AIM OF THE EXERCISE ::
The answer is to be an exact copy of the lines below running from the line with "FOTO: DANA HOĎÁKOVÁ" down to the line with "New 2026 BMW X5 xDrive50e image 8", both ends included, and nothing more.

--- RECORDED DATA Enclosed Below ---

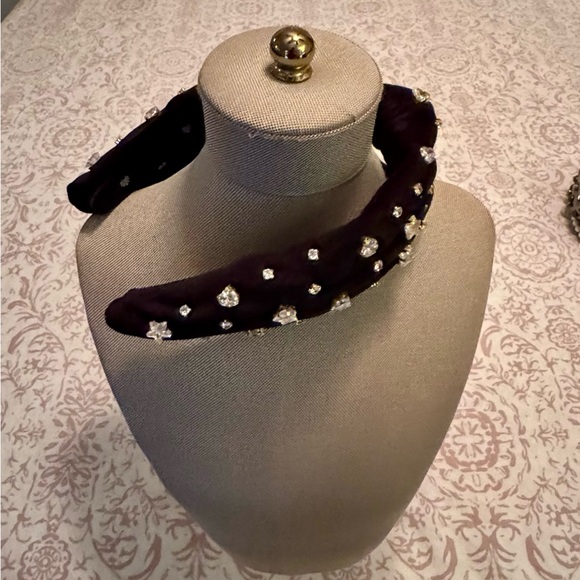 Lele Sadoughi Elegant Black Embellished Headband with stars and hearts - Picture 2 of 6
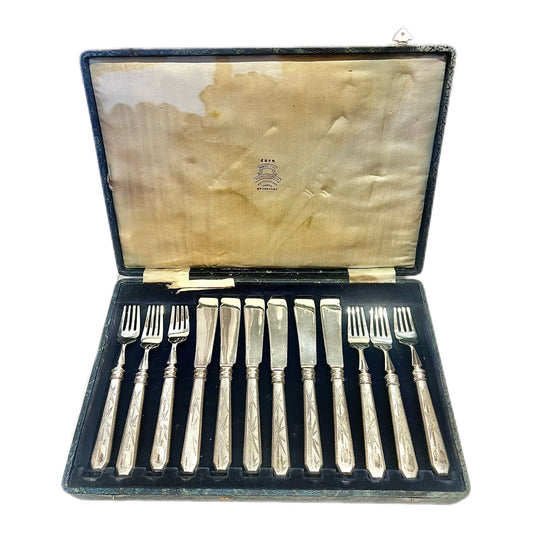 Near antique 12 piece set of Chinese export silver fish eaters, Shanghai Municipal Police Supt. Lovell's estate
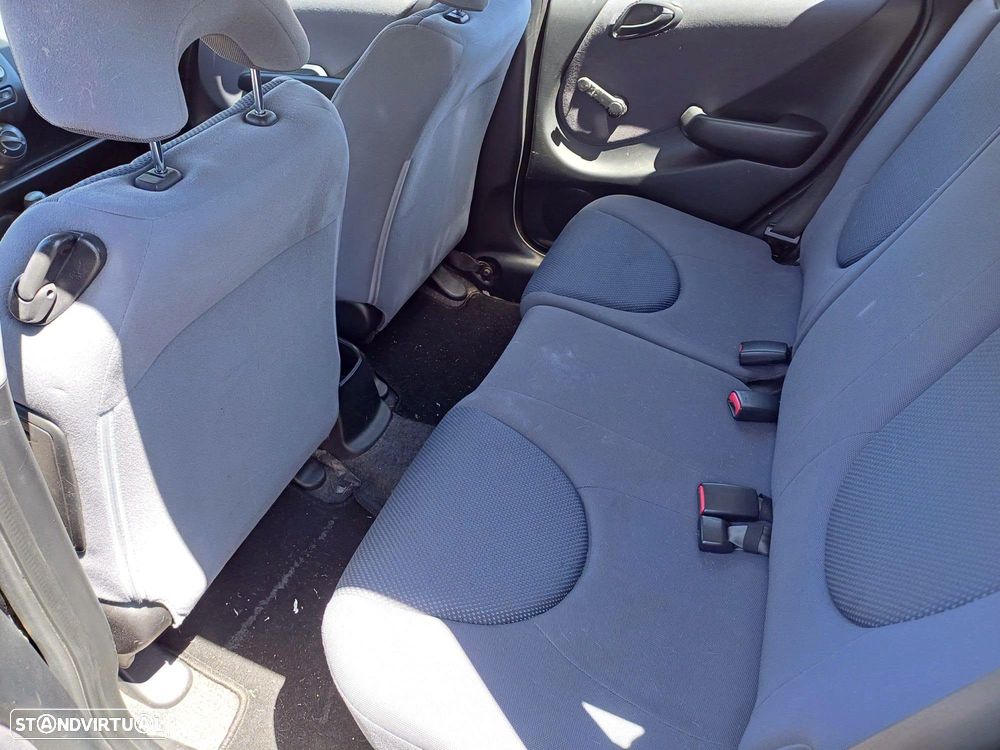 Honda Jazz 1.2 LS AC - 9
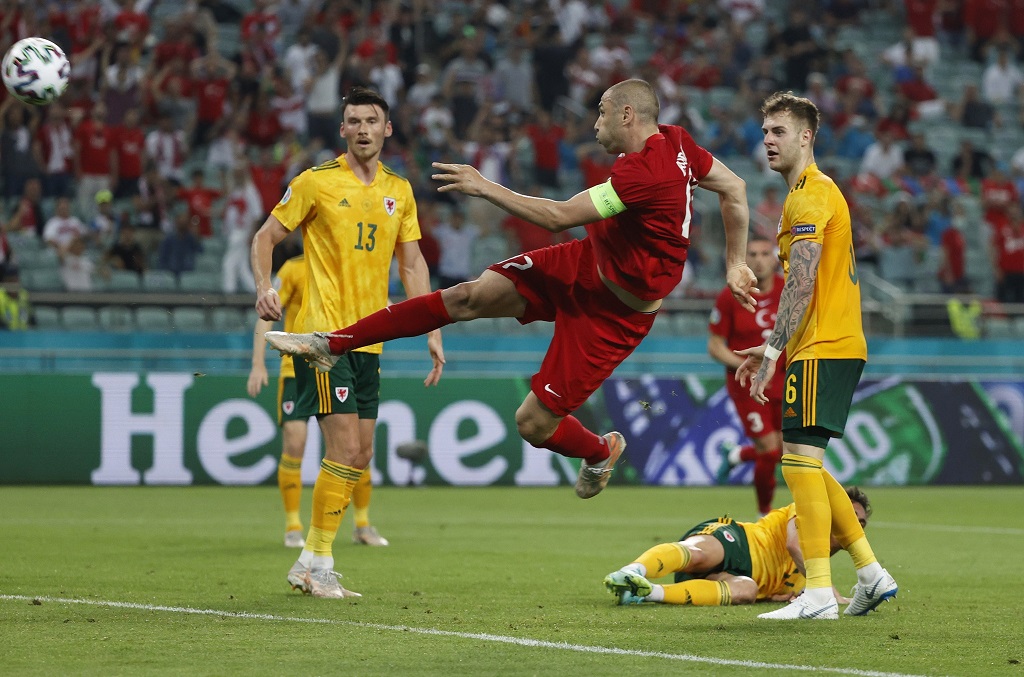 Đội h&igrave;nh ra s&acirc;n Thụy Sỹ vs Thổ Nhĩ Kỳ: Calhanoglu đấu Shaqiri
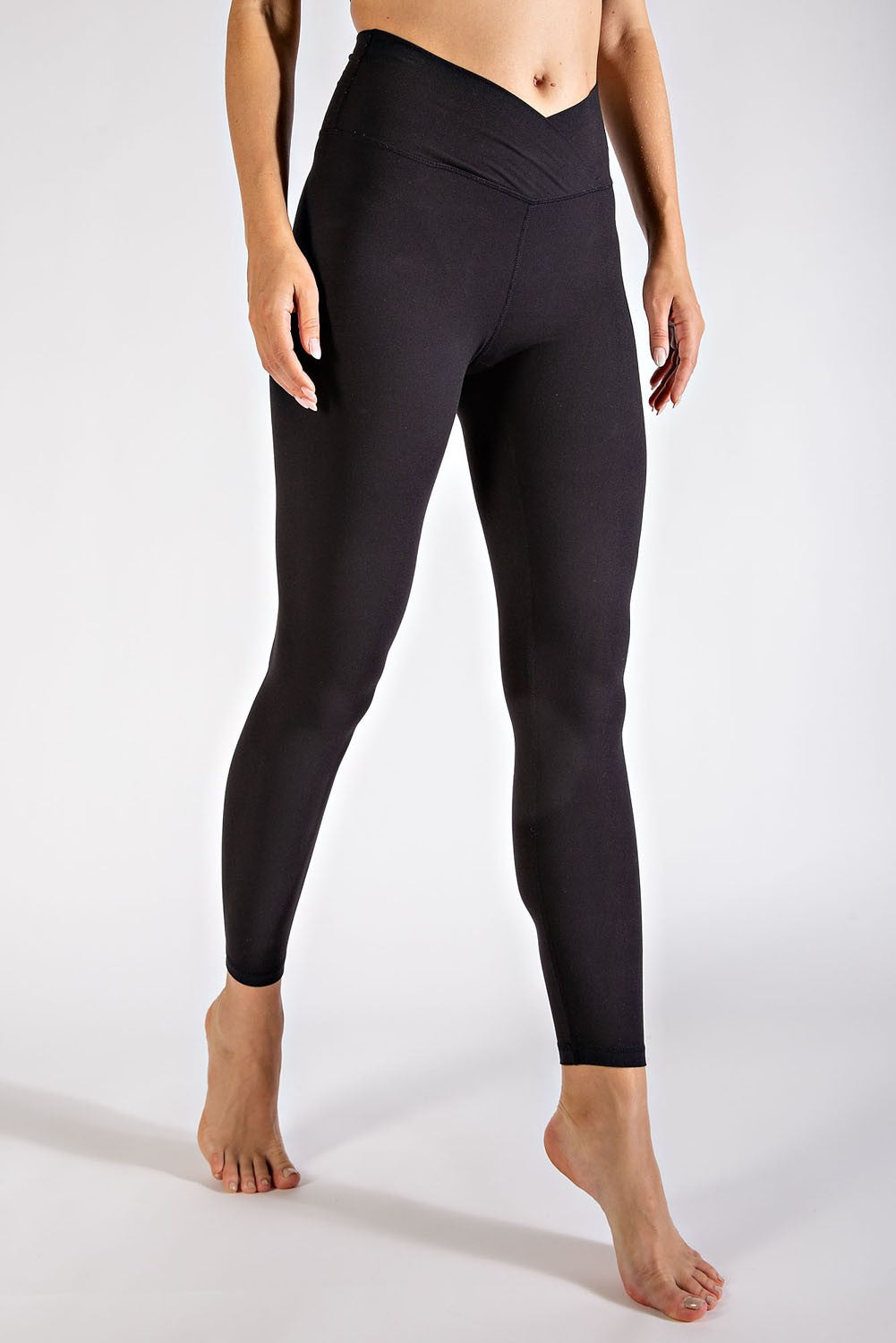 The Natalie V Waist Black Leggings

--- End of Enclosed RECORDED DATA ---
--- RECORDED DATA Enclosed Below ---

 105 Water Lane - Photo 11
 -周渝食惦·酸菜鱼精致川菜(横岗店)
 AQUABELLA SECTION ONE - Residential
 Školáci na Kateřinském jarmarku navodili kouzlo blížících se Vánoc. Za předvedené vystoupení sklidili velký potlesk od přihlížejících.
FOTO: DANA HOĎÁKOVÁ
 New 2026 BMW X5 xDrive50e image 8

--- End of Enclosed RECORDED DATA ---

WRITTEN SOLUTION ::
FOTO: DANA HOĎÁKOVÁ
 New 2026 BMW X5 xDrive50e image 8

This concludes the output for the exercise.